We’d chuckle as the peregrines sparred with each other like tumbling airborne puppies. One morning a pair of peregrines flew by us at eye level.

A quarter century ago, my son Dave had a series of summer jobs helping re-introduce peregrine falcons to places their ancestors inhabited before pesticides nearly exterminated the species. Dave’s job was to feed chicks imported from Cornell University’s hawk barn and protect them from intruders until they were old enough to leave the nest and fend for themselves. I visited Dave’s worksite on a Maine cliff top one June and remember the awe I felt watching the juvenile hawks honing their aerial skills in the weeks before they learned to kill. We’d sit at the cliff edge and observe stoops in which peregrines tucked in their pointed wings and plummeted hundreds of feet at 150 miles per hour. We’d watch the young hawks harass blue jays and crows, approaching laterally at speeds that made their mock prey appear motionless. We’d chuckle as the peregrines sparred with each other like tumbling airborne puppies.
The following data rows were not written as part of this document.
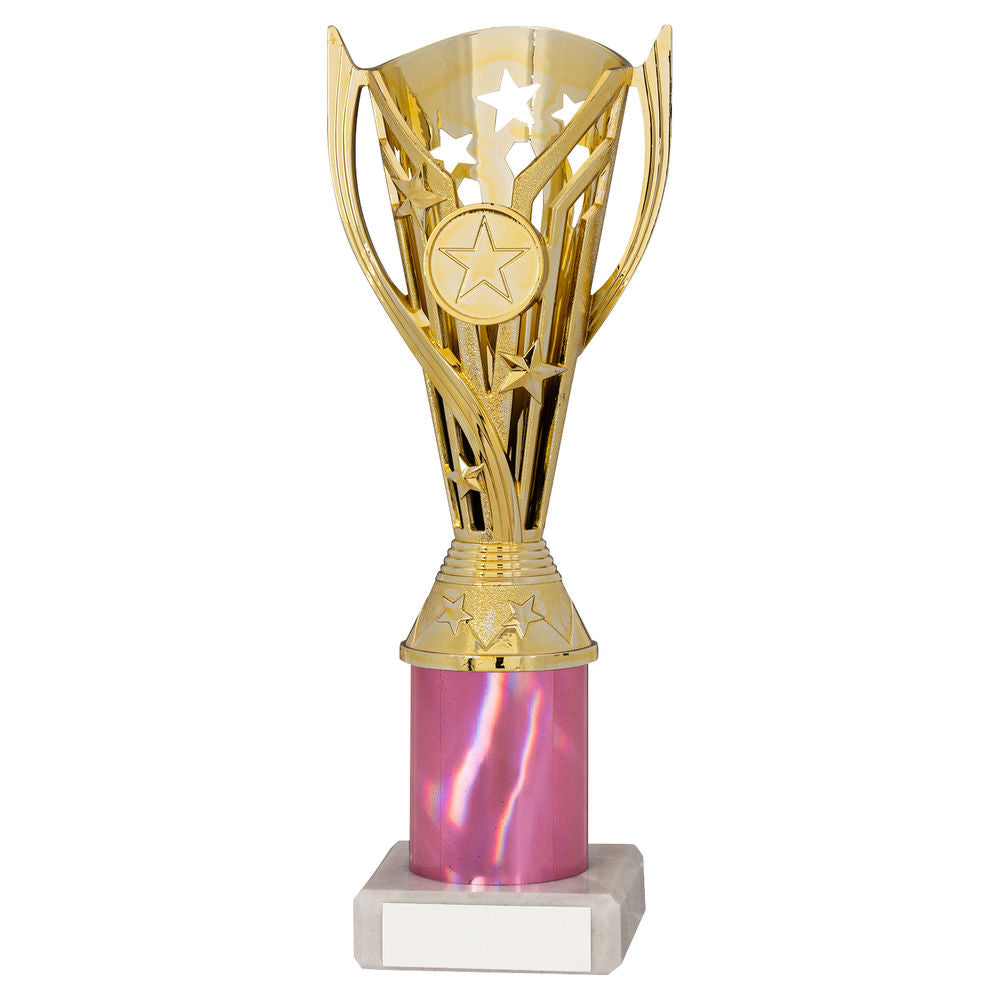 GOLD/PINK PLASTIC FLASH CUP ASSEMBLED ON MARBLE (1in CEN) - 8in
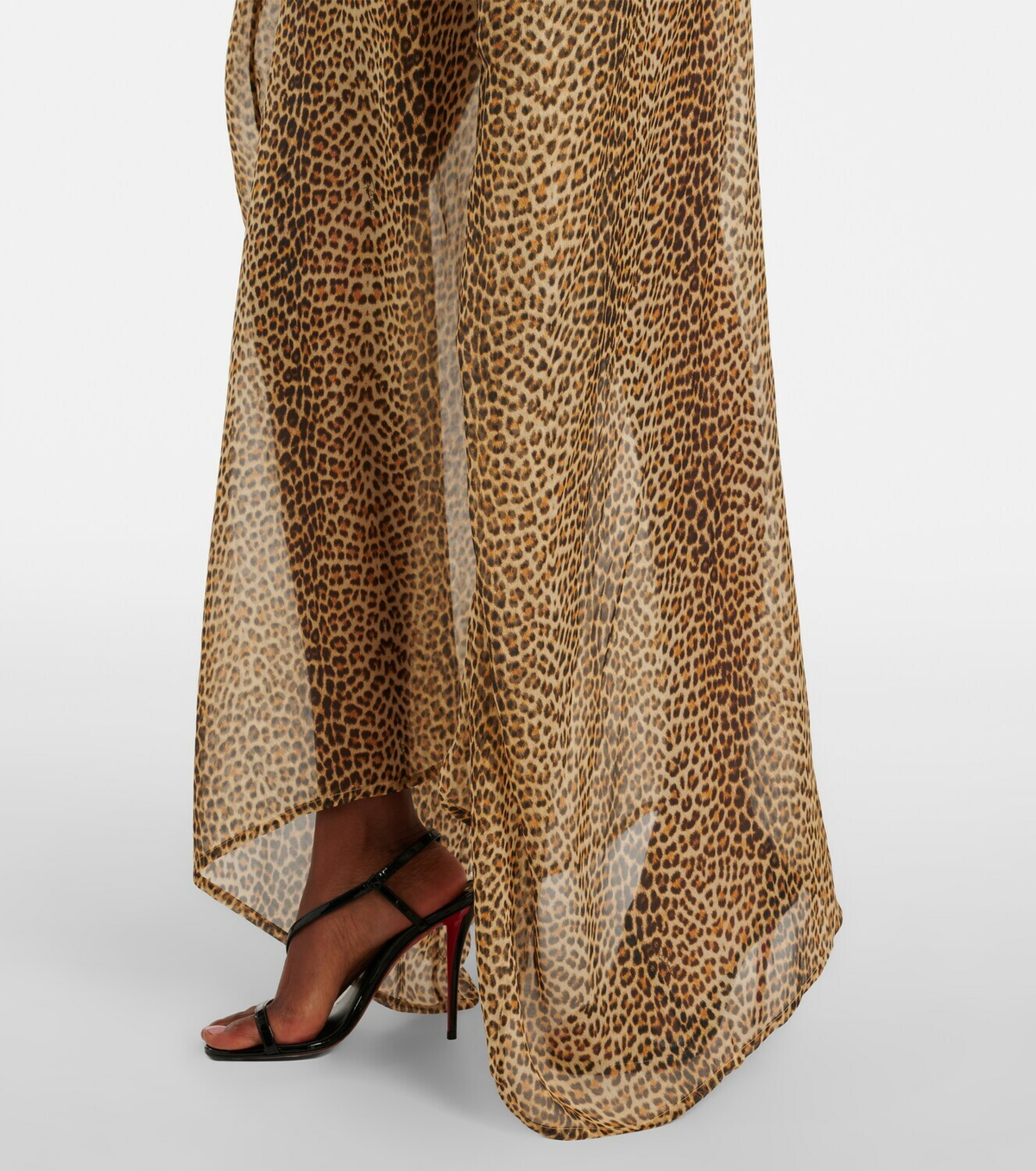 Roberto Cavalli Leopard-print semi-sheer silk kaftan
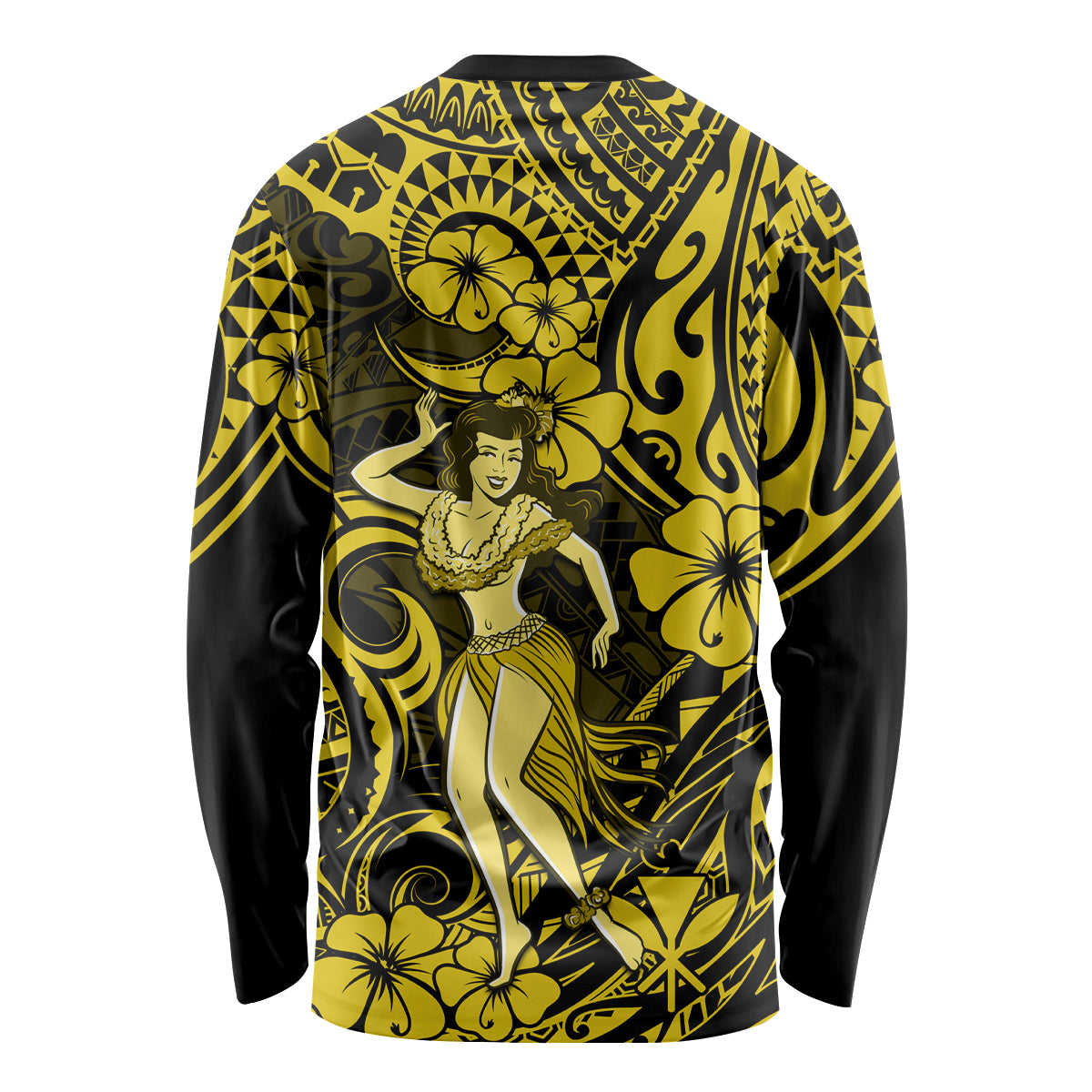 Hawaii Hula Girl Long Sleeve Shirt Hibiscus Hawaii Tribal Tattoo Yellow Version LT01 - Polynesian Pride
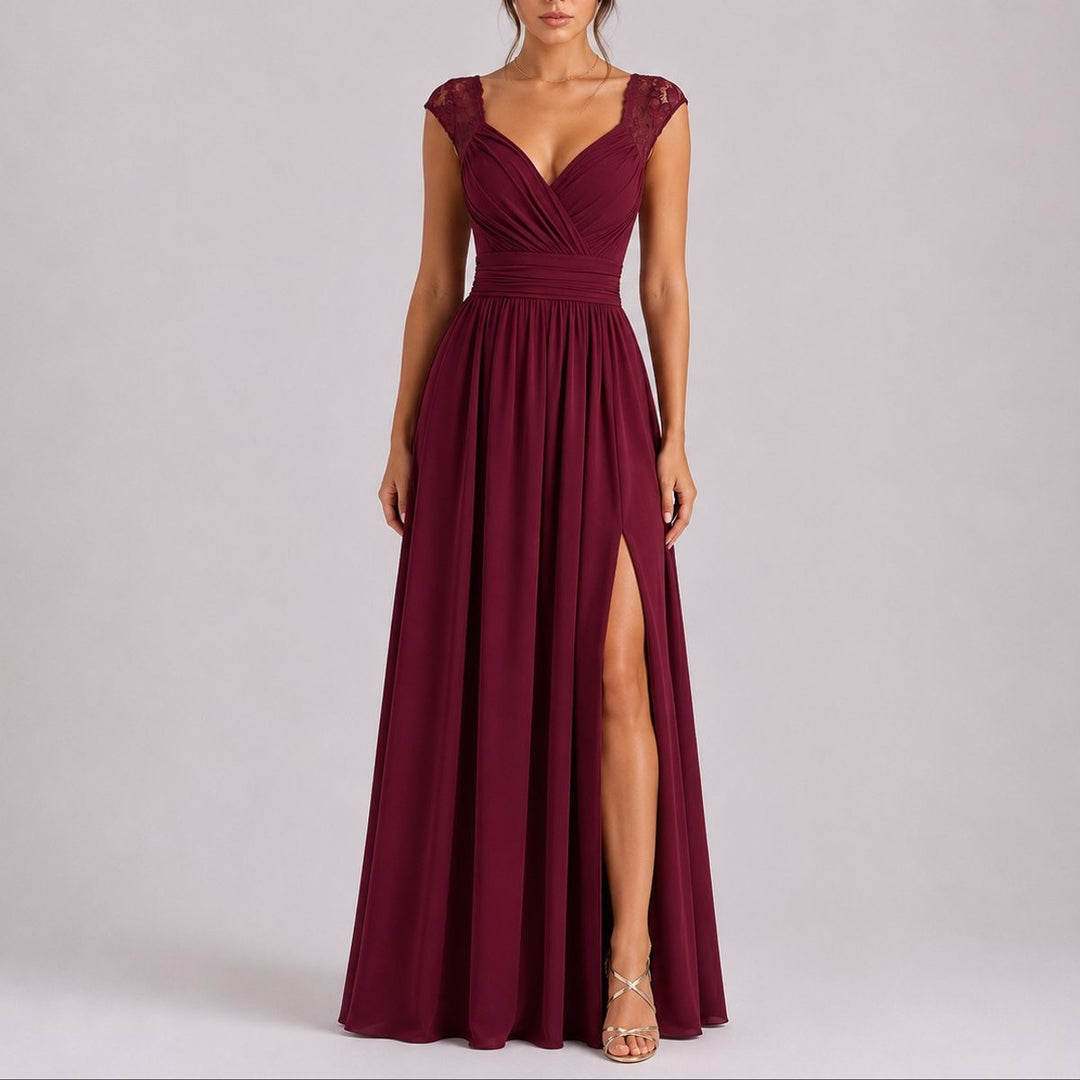 Burgundy lace-shoulder maxi dress with fitted waist and high side slit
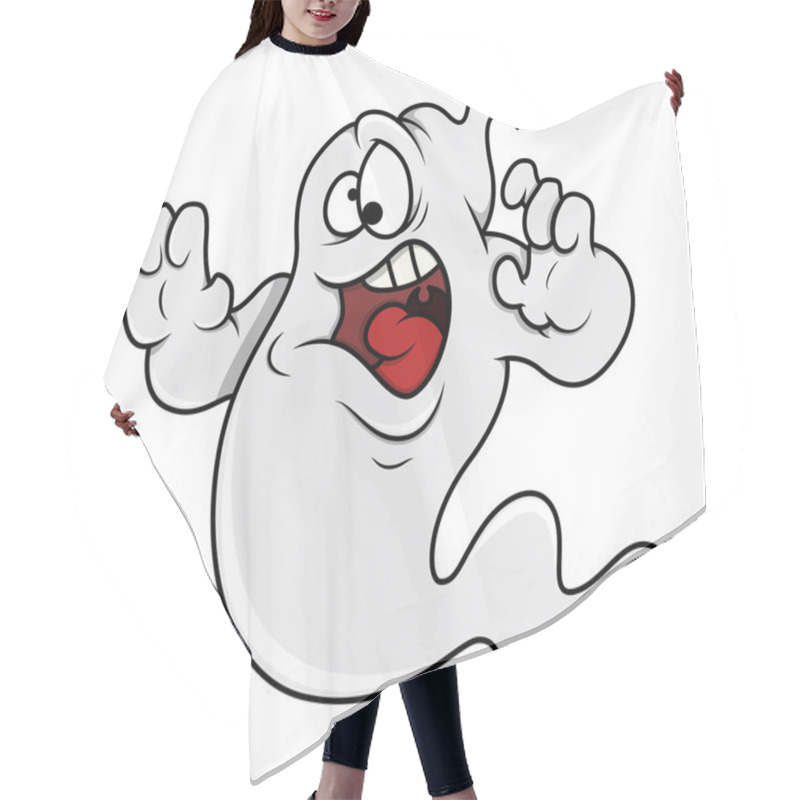 Personality  Funny Cartoon Ghost - Halloween Vector Illustration Hair Cutting Cape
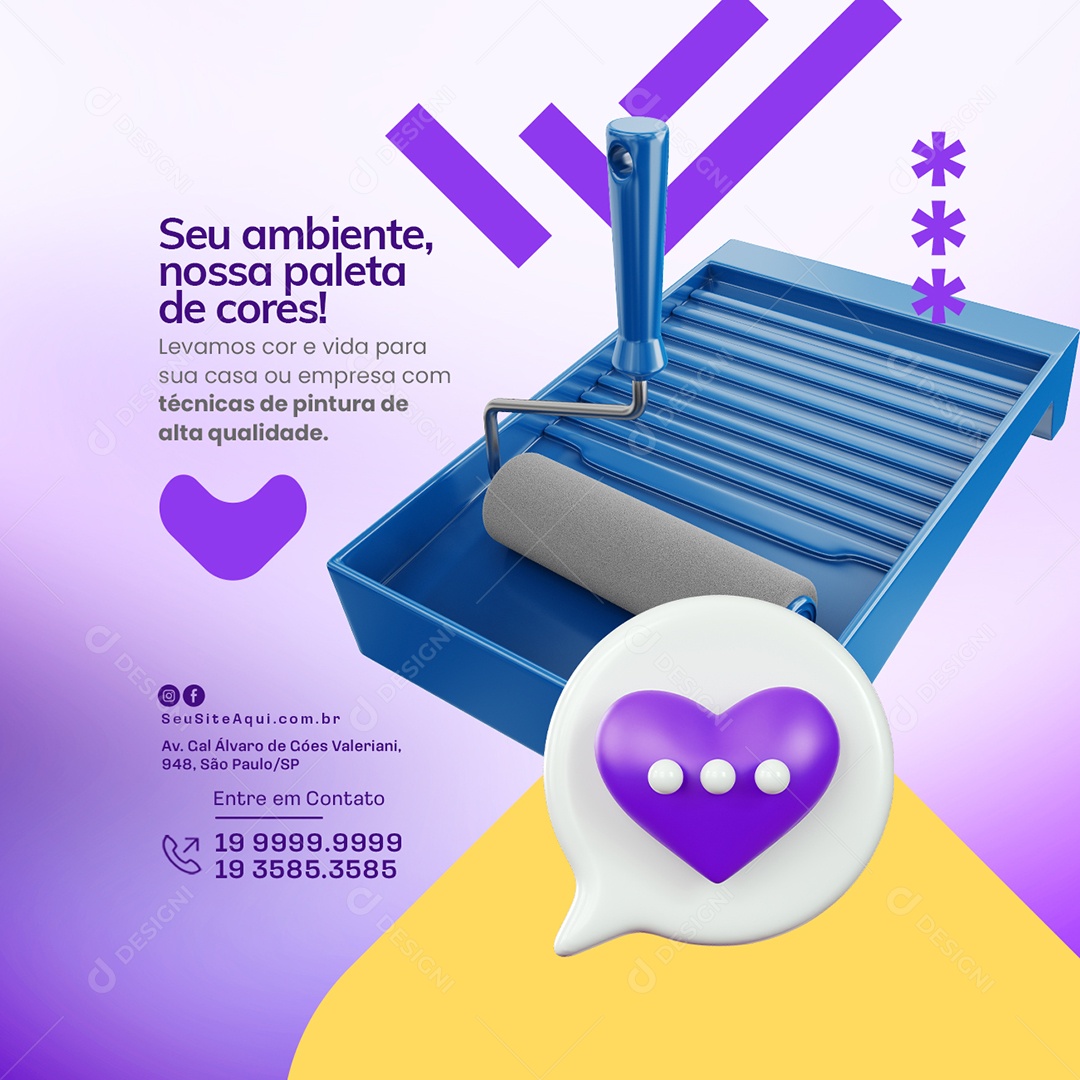 Pintor Seu Ambiente Nossa Paleta de Cores Social Media PSD Editável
One morning a pair of peregrines flew by us at eye level. They were on parallel courses, one a couple of feet higher than the other and regularly dropping down to buzz its companion. The companion retaliated by rolling over and flying upside down so that it presented lethal yellow talons to its persecutor above. After several beats, the lower peregrine completed its roll, a graceful 360-degree rotation made without the slightest diminution of speed.

Dan North

Recalling that moment, I think of Olympic gymnasts twisting and gyrating in the air before landing squarely on two feet. I think of John Coltrane soloing into saxophone orbit for 16 bars, then returning to earth at precisely the right instant exactly on key. And I think of a book I just read, J.A. Baker’s 1967 classic “The Peregrine.” Baker spent a decade pedaling his bicycle after peregrines on the flat coastal fields and marshes near his home in eastern England. His diary-like book chronicles Baker’s attempt to merge his spirit with the bird he loved. Describing a falcon “weaving through the wind with sudden dips and swerves,” he reports, “This mastery of the roaring winds, this majesty and noble power of flight, made me shout aloud and dance up and down with excitement.” The falcon passes and Baker is left with “nothing but the wind blowing . . . and the glory gone.” On a warm March day, Baker lies on his back in the grass and watches a peregrine’s motion create “beautiful patterns and doodles in the sky, as swiftly evanescent as the swirling shapes of waves upon the shore.” And at one point, in a revealing moment of wishful thinking, Baker speculates about a peregrine that allows him to creep close: “I think he regards me now as part hawk, part man.” Robert Macfarlane, in his introduction to “The Peregrine,” makes a point about Baker that also may apply to all our attempts to connect with nature. He writes, “For to abolish yourself through an intense focus on another creature is, in a way, to evade death. It is an act of self-destruction that leads to resurrection . . . This self-obliteration is precisely what Baker sought.”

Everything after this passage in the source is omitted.